Do bounded monotone sequences always converge to either its supremum or infimum?
For example, $\{s_n\}=\frac{1}{n}$
is a decreasingly monotonic sequence. Since $0\leq \frac{1}{n}\leq 1$ and $\inf\{s_n\}=0$ and $\sup\{s_n\}=1$, then
$\lim_{n\rightarrow \infty}\frac{1}{n}=0=\inf\{s_n\}.$
Best Answer
Yes.

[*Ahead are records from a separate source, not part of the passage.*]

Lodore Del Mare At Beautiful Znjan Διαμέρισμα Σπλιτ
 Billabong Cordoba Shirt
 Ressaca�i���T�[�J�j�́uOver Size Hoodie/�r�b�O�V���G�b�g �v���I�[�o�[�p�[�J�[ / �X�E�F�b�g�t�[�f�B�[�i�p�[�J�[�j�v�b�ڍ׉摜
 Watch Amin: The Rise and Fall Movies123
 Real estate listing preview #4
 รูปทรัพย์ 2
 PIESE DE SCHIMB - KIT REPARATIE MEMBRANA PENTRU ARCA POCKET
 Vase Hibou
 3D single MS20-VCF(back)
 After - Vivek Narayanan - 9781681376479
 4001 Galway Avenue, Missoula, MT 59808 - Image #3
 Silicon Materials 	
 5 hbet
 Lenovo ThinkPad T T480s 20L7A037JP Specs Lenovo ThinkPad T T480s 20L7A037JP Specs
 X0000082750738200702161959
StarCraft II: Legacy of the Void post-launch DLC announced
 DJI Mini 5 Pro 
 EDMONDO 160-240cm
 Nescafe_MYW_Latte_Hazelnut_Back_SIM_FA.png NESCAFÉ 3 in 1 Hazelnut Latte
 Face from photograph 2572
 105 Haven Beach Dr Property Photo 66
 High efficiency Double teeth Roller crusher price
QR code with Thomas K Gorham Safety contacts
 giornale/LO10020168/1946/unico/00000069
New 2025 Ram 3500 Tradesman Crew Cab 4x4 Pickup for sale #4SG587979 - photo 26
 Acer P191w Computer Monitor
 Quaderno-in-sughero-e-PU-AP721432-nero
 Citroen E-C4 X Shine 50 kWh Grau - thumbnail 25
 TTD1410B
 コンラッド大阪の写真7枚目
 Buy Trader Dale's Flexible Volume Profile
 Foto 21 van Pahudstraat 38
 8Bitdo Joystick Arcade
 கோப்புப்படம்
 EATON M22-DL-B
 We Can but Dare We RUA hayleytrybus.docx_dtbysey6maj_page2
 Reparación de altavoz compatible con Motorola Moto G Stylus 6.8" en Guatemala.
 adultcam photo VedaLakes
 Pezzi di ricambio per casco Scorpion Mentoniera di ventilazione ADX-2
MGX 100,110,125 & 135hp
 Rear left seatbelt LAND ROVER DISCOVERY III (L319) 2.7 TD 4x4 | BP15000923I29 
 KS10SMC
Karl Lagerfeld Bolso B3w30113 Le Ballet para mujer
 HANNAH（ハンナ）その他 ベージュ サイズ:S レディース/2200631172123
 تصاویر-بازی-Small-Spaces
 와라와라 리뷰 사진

Let $a_n$ be a monotone increasing(the proof for monotone decreasing is analogous) sequence.
Let $a = sup_n \{a_n\}$. if $\{a_n\}$ is bounded than $a< \infty$ , but the claim remains true for $a=\infty$ (and you can think of the adjustments).
We want to show $lim_n a_n =a$.
So, Let $\epsilon >0$.
By definition of the supremum, there is $n_0$ s.t. $a_{n_0} > a -\epsilon$ thus $|a_{n_0}-a| =a-a_{n_0} <\epsilon$.
now, for all $n\ge n_0$ we get, since $a_n \ge a_{n_0} $ ,
$|a_n-a| = a-a_n\le a-a_{n_0} < \epsilon$.
So , $a_n \to a$ ,as we wanted.